With a staff of 750, it includes critical care interdisciplinary teams made up of a doctor, nurse, social worker, rehab specialist, and volunteers. After the doctor certifies that the patient is eligible for hospice care, the team conducts an evaluation of what the patient needs and wants to make her or his life as comfortable as possible. This includes helping the patient navigate through what they would like to happen and how the Capital Caring team can make the patient's final days or weeks as comfortable as possible.
Capital Caring consists of 10 regional offices that ensure that the hospice care team is local and personal in nature. Its approach and philosophy is that hospice care should be administered in the home whenever possible, and involve the patient's family, friends, unless circumstances and the patient's condition do not permit it. In that case Capital Caring has three in-patient hospital care units for those patients.
JOYCE MONTGOMERY, a Capital Caring counselor who has worked 13 years performing hospice care services, described what she does: “I help improve the care of someone suffering from a life threatening illness by helping the patient be where they want to be in their home surrounded if possible by their loved ones. I help the patient and family to make the most of their situation, whatever that may be.”
She has a Master’s degree in clinical social work and is licensed to perform clinical social work.
"My own personal experience with death inspired me to help others focus in their final stages of life, and to be present at a time to honor the patients' wishes in their final days," Montgomery said. “Being a hospice caregiver allows you to be present at a sacred time of their life. I help a patient to deal with the reality of their final days of life in the best possible way. To help them prepare to die, and to find out what matters most to them and help them come up with their own solutions. What a privilege it is to help patients and their loved ones to be more at peace with themselves, and improve care and the quality of life during the time they have left."
Montgomery quoted the following passages from her resource literature which she uses when working with patients and families: "Life is a constant sunrise which death cannot interrupt, anymore than night can swallow up the sun” and “Nothing dies; death and birth are a threshold crossing; back and forth as it were through a veil."
Chesley Simpson, a grief and bereavement counselor for Capital Caring for 3 years, described her role: “To help clients discover their inner strengths. I do this by offering a safe space to talk about their loved one, help them work through their tangled web of emotions and incorporate successful coping strategies in their daily lives. Every grief journey is different and I am humbled to walk this path towards resiliency with my clients.”
Simpson has a Masters degree in clinical social work and is licensed to perform clinical social work.
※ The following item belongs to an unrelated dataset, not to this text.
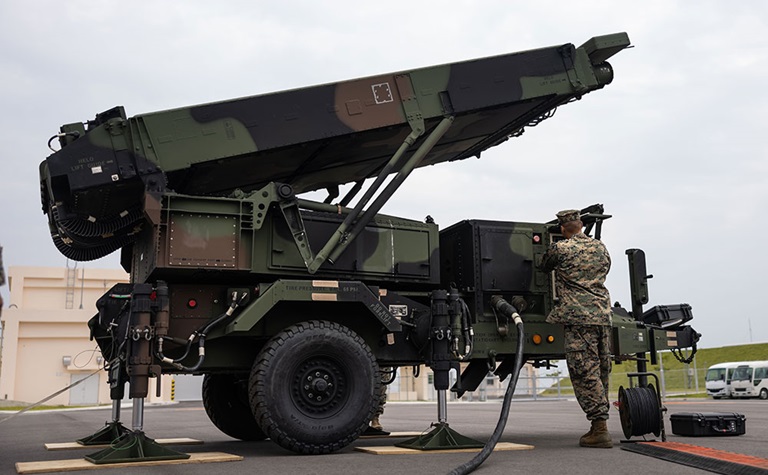 marine setting up ground-to-air radar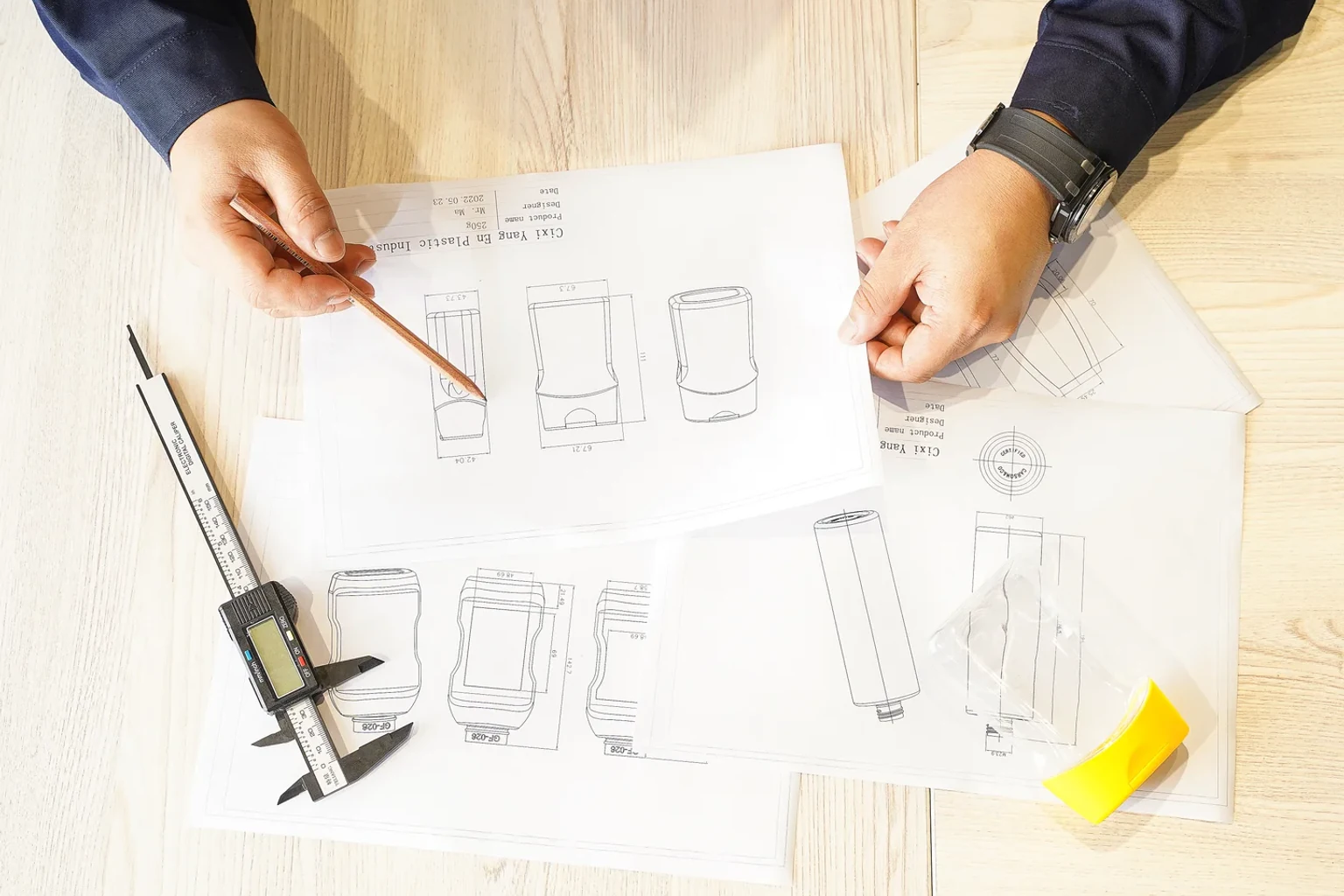 Packaging engineer reviewing bottle drawings, dimensions and a closure sample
"Capital Caring provides dedicated grief and bereavement counselors in each of the local neighborhoods where we are present. In addition, Capital Caring offers a variety of bereavement services, individual counseling, group sessions as well as a variety of workshops. We realize that everyone grieves differently and therefore offer a host of programs,” Simpson said.
CAPITAL CARING provides for end-of-life hospice care reimbursed by Medicare, or Medicaid. Capital Caring donates the cost of care through its private fundraising efforts where the patient or family has no insurance. Last year, Capital Caring raised $8 million for those services not reimbursable.
This year Capital Caring is celebrating its 40th anniversary. It will be hosting its annual fundraising gala: "Passion for Caring" on Nov. 11 at the MGM Grand National Harbor Resort in Maryland. Its website, www.Capitalcaring.org, will provide the background information about the gala.
In addition to the patient services it performs, Capital Caring conducts educational seminars and workshops.
Capital Caring began its existence in 1977, coinciding with the acceptance of the concept of hospice care in the U.S. Its leader and founding member was a physician, Dr. Josefina Magno, who wrote and published a book entitled "Hospice in America." Beginning in 1976 she promoted and cared for terminally ill patients and counseled families in Northern Virginia who were facing end-of-life issues before the concept of hospice care was widely accepted and approved for reimbursement by the federal government. Her initial hospice planning meetings were a makeshift office operating out of the back of her car.